Some years ago, I was working in marketing. We were working on hiring a new PR agency, and my manager was enamored with a particular, new agency that claimed to be more modern than the other PR agencies. We met with them, several white women, each of them with fresh blowouts for their blonde hair that were characteristic of women who worked in PR for that industry.
After the all day meeting, my team went out for drinks. After getting a little tipsy, a member of the team, an Indian man, questioned, “why is it that the US is the only country in which a cop will just pull a gun on someone?” The question was meant to be rhetorical.
My semi-drunk manager, a white woman who dyed her hair black, answered in all seriousness, roughly saying “because we have so many races and religions and ethnicities here! We’re all so different,” as if that wasn’t the point he was making, but with a lot more acceptance of the gravity of the explanation. She seemed to feel like this answer was a reasonable given, even with a few people of color at the table, at least while she was drunk.
The more I grow, the more I see how viewing our differences as liabilities is truly a fallacy of the human mind. The more people I meet from different cultures or places or races, the more I feel rich. I have been all over the world through the people I’ve met. I have grown so much as a person, through the different cultures I’ve had the opportunity to rub shoulders with over the years. Our cultures, but also each of us as individuals with our fruit snack candy twisties of cultures, are all unique and have so much to give and to learn. It’s beautiful.
Culture isn’t a thing you can buy or put on. It’s the way people greet each other or innately know when the pasta is done boiling. It’s the way the intonation of a particular language goes up and down, with words that run into each other like a song, like Venezuelan Spanish. It’s my best friend’s grandma not eating if her Indian food wasn’t up to her standard, quietly not asking for seconds so as to not offend. It’s my other best friend’s son knowing where Palestine is on the map at age 3. It’s also my mom using tortillas to make the goulash.

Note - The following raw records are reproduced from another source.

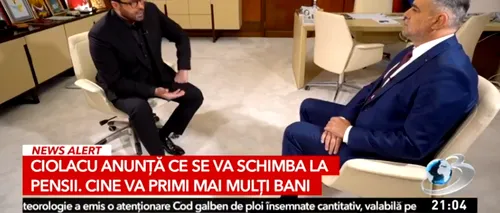 Marcel CIOLACU, despre progresele ROMÂNIEI: Dacă intrăm în SCHENGEN, cu certitudine, o să depășim, la PIB, și Austria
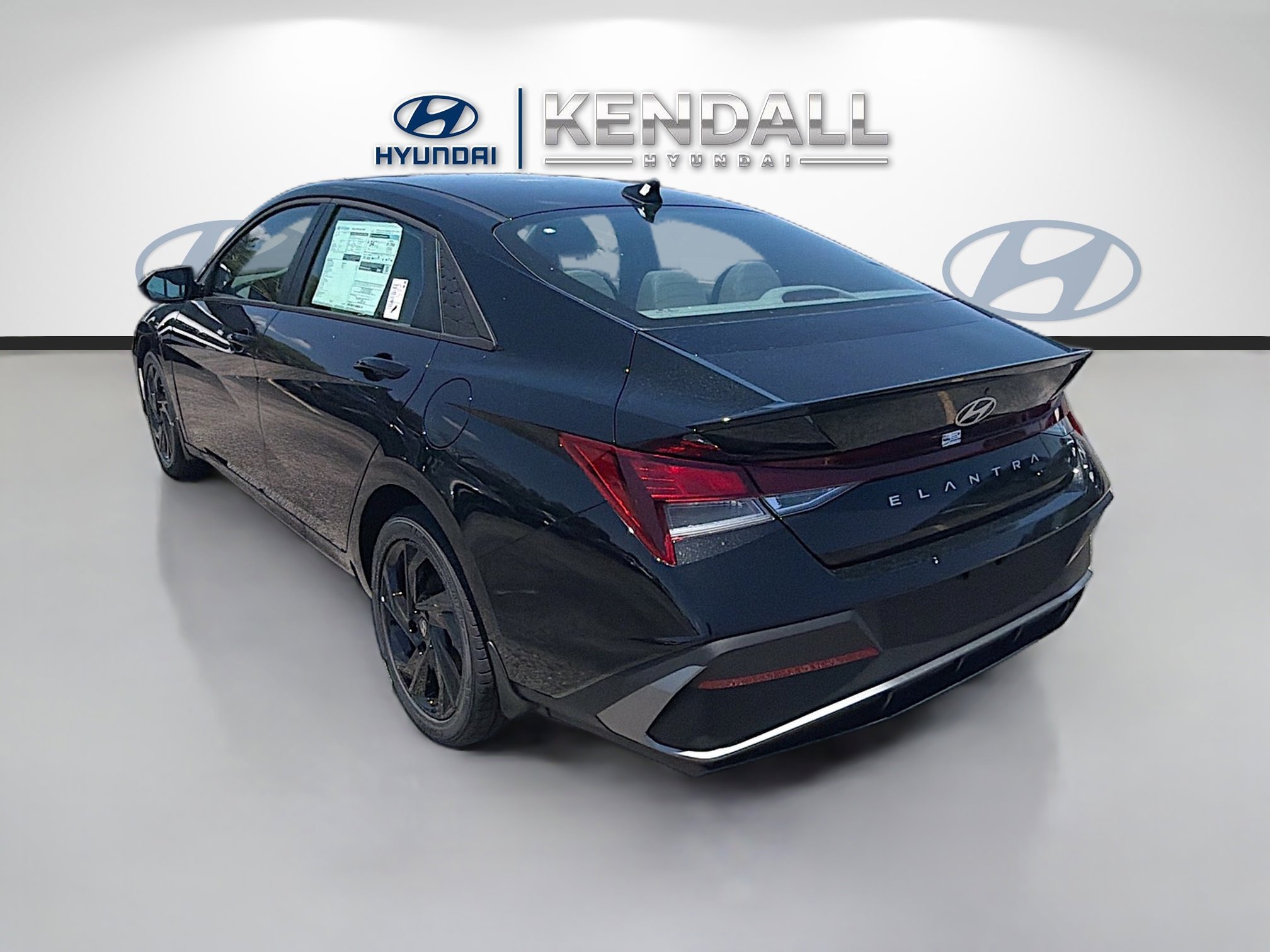 New 2026 Abyss Black Hyundai SEL Sport image 28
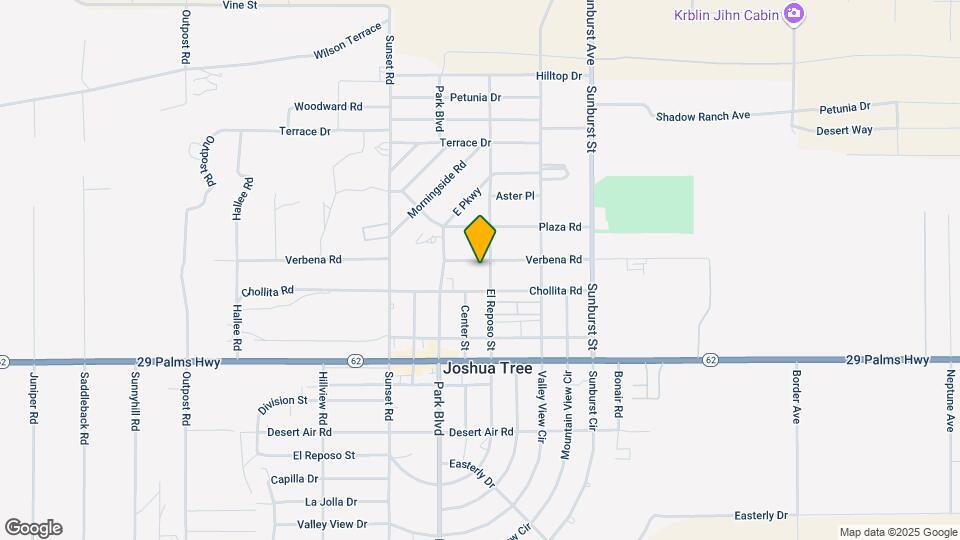 61885 Verbena Rd Map and Location Details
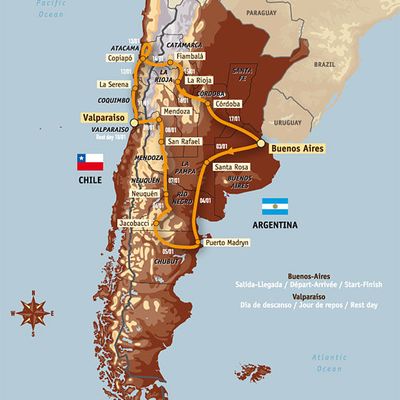 DAKAR - ARGENTINA CHILE - 2009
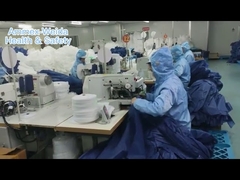 Type 5 / 6 M.P. / SMS en capuchon, combinaison jetable pour laboratoire ou atelier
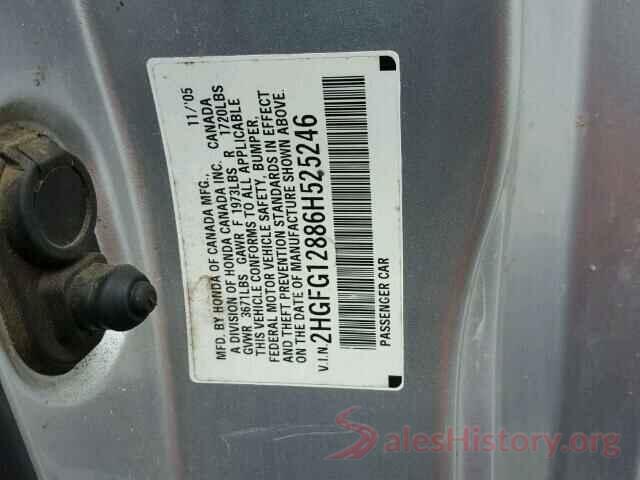 KNDCE3LC4K5259635 2006 HONDA CIVIC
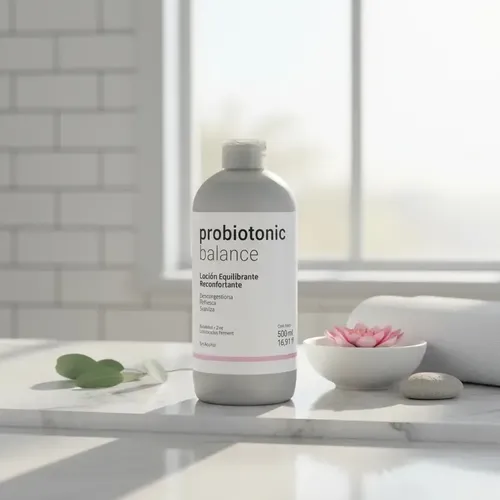Locion Equilibrante Refresca Probiotonic Balance Niza 500ml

It’s the way we know to stir the tahini jar.
We’re at a crossroads now. I think increasingly, we know too much about the truth of each other to go on hating each other, taking advantage of one another, or assuming anyone is less. To continue to see others as less is definitely a choice.
At the end of the day, we all say “ow” when we bump into something and play peekaboo with our babies. To continue to choose to see our differences as a negative at this point means to be willfully hateful—and yes, that is a choice some people may be willing to make. This choice will likely become increasingly difficult to make as we all become twisty fruit snacks of cultures, but I am sure, if people want to continue to hate, they will find a way to do so.
On the other hand, we could also all take this time to appreciate and seek to understand each other’s cultures—the various ones that make each of us as individuals unique and beautiful. Not to patronize them. Not to pay to put them on for a moment. But to really, truly take a human interest in one another and our beautiful cultures that were formed through millennia of people making either mate or hummus—or for my future kids, both.
When we make this choice, we win. We choose to enrich ourselves as human beings in a global community on this planet for the short time we are here. And if that isn’t one of the points of our existence, I don’t know what is.